I do think you need to provide medical information as a birth mother. It would take me 10 minutes to write down what I know of my family's (and husband's) medical history and put it in the post with a note asking not to contact me again if I didn't want further contact. Is it really that much of an imposition? You could be providing it for anyone, lets face it you get asked for it every time you go to a new doctors or other health care professional.

AlternativePerspective · 25/10/2019 17:10

@Katrinawaves tbh for someone to behave/react in such. A vile manner I would assume that that was more to do with the person they are rather than what happened to them and would probably assume that you’d had a lucky escape by being adopted instead of being raised by such a person.

Many women gave up their babies for adoption back then, and many did so as a result of societal pressure. But that doesn’t mean that all those women were lovely people who had a stroke of bad luck. Bad luck strikes everyone at some point or other - remember, sometimes, bad things happen to bad people...

A BM responding that no, they don’t want contact is one thing and understandable. One responding threatening legal action etc I would be inclined to say she probably wasn’t a very nice person despite what she had been through.
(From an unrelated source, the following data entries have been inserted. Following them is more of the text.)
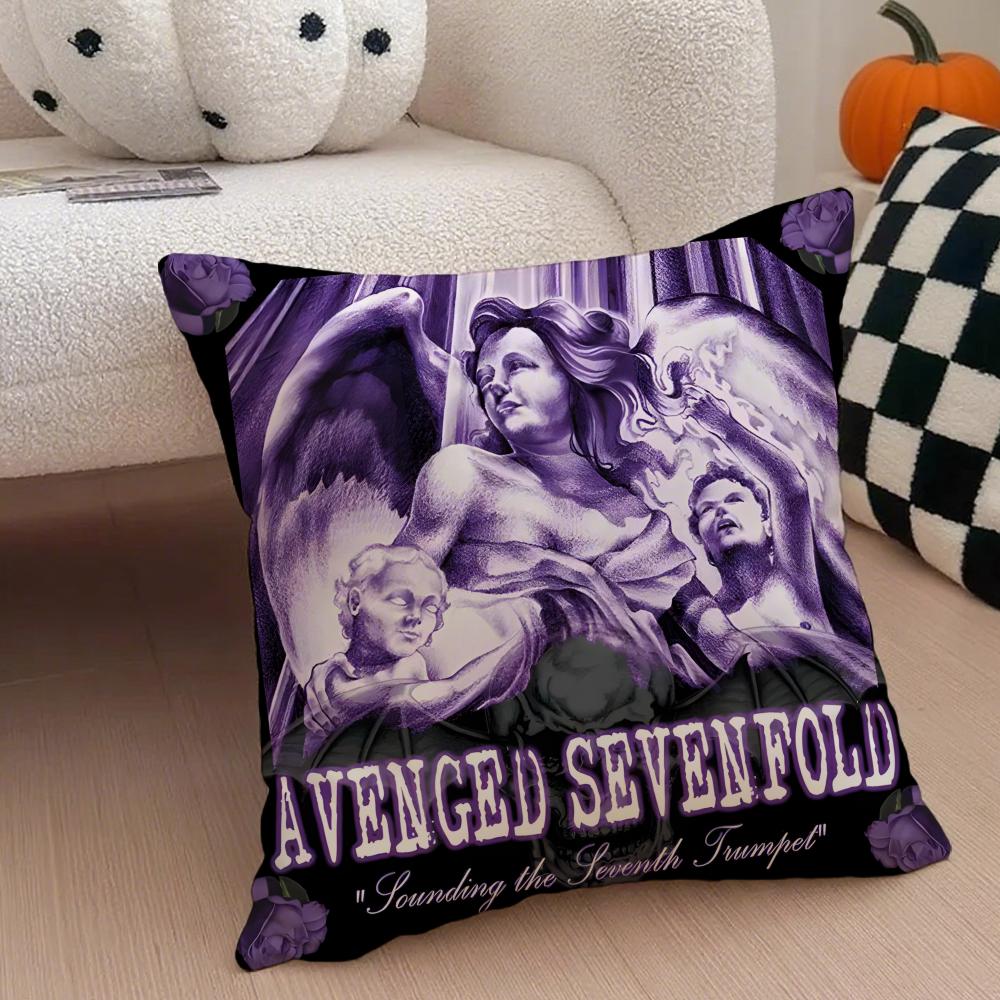 Metal American Band AAvenged Sevenfold Cushion Cover Throw Pillow Cover Hidden Button Durable Polyester Chair Cushion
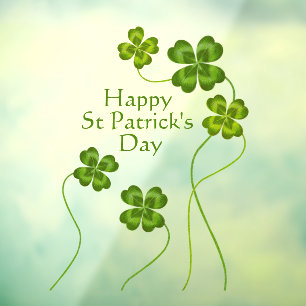 Saint Patrick's Lucky Charm Shamrocks  Cute Raamsticker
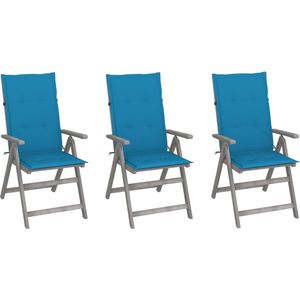 The Living Store verstelbare stoelenset acaciahout - greywash - 56 x 70 x 110 cm - blauw kussen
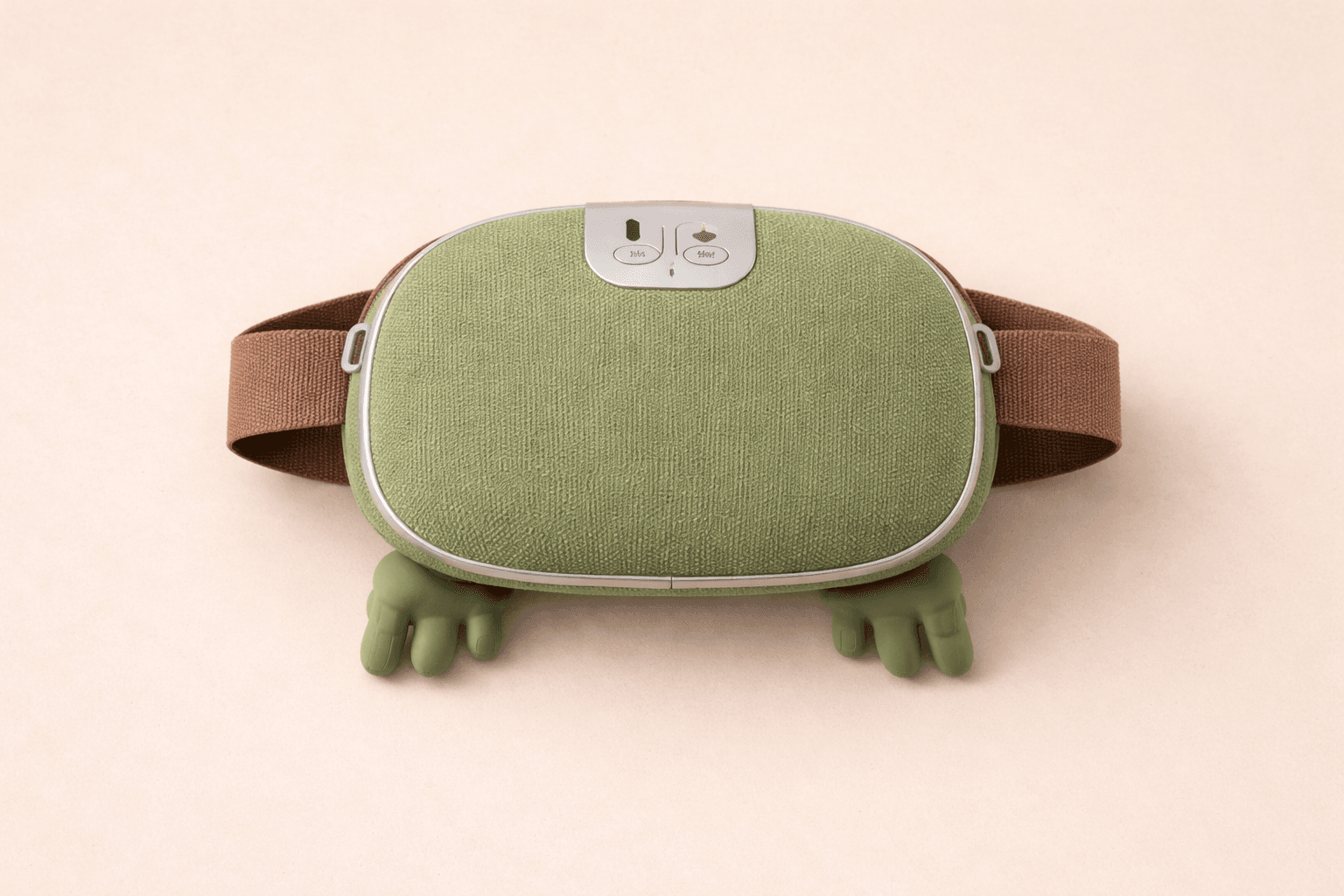 Appareil de massage abdominal vert texturé avec sangle marron et petites pattes en bas.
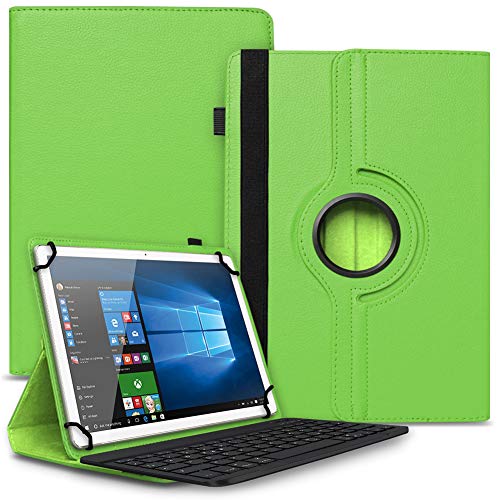NAUCI Tablet Hülle kompatibel für Odys Space One 10 / SE Tasche Schutzhülle Bluetooth Case Universal Keyboard Cover 360° Drehbar praktische Standfunktion, Farbe:Grün von NAUCI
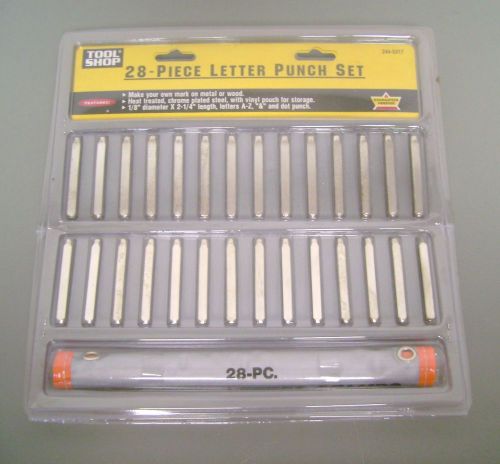 TOOL SHOP 28 PIECE LETTER PUNCH SET 1/8x2-1/4 GUARANTEED FOREVER CHROME NEW NIP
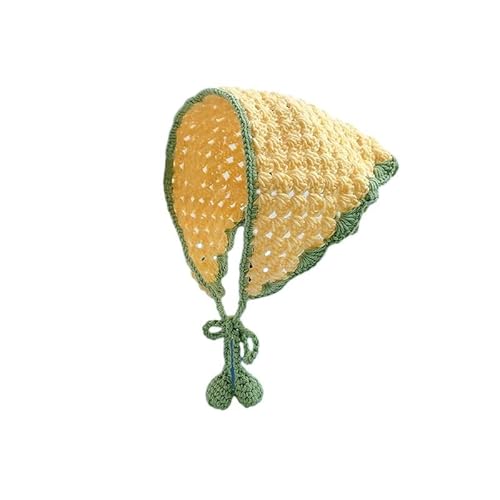 OSKOUR Autunno Giallo Verde Vintage Fatto A Mano All'uncinetto Bandana Per Capelli Sciarpa Per Capelli Fasce A Triangolo Fascia Per Capelli All'uncinetto Fazzoletto Per Le Donne Ragazze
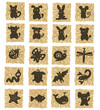animals icons on crumpled paper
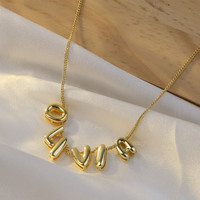 18K oro plata latón liso globo burbuja collar DIY nombre 26 letra número colgante collar para mujer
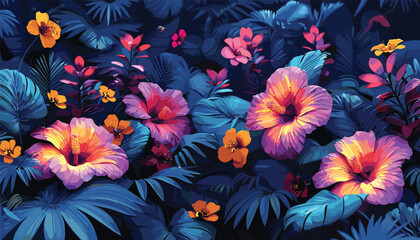 Fototapeta na wymiar Neon Jungle Florals, neon colors, jungle theme, vibrant floral ecosystem vector illustration background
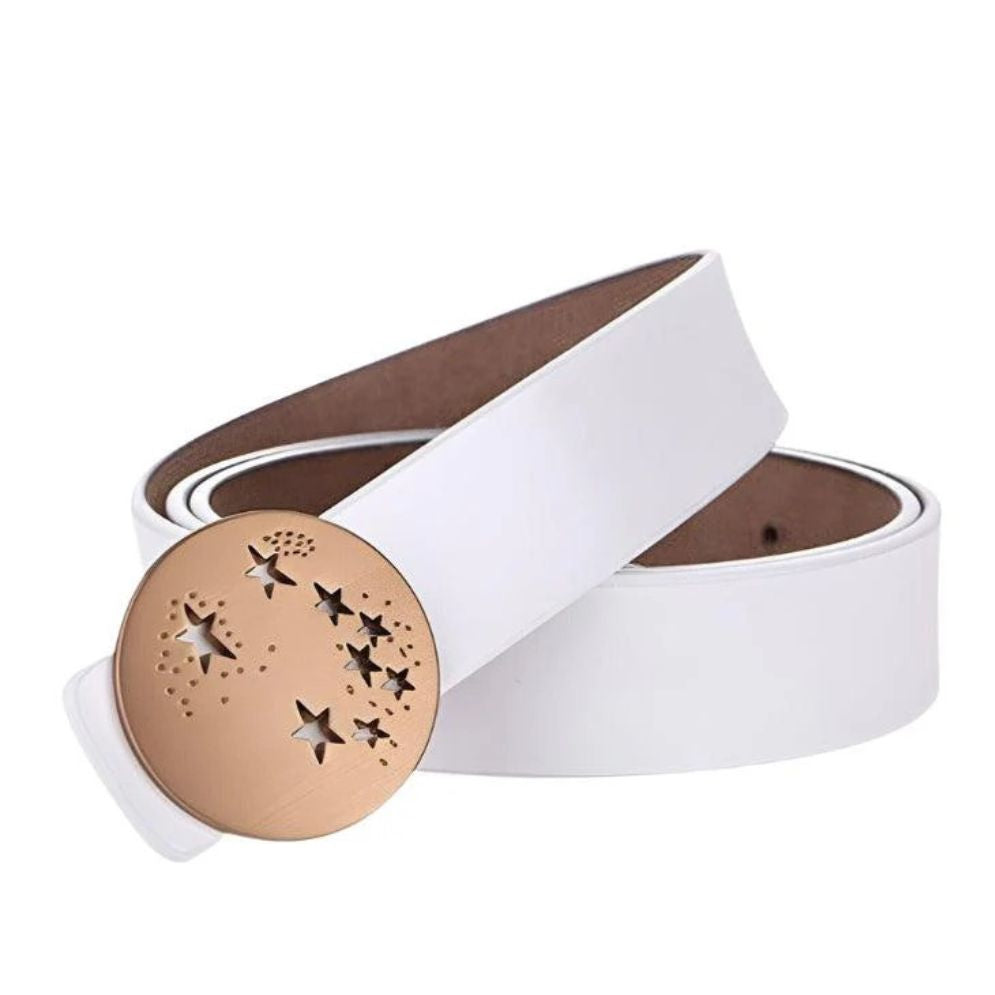 Ceinture en Cuir Boucle Étoilée Femme Modèle Varga - La Ceinturerie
If I found out that my mother had given up a baby for adoption and they had contacted me, I would ask her about the circumstances. IF she’d said that she didn’t want to talk about it I would understand and presume it was a hard decision to make. But if it turned out she had contacted that child threatening legal action and behaving in such a vile manner I would probably cut contact with her, and to most siblings finding out about an adopted sibling, that kind of reaction probably wouldn’t have come as much of a surprise because she’s probably like that to everyone.

There is a poster further upthread who talks about her mother’s experiences of not being adopted. And how actually that most definitely wasn’t the best thing for her.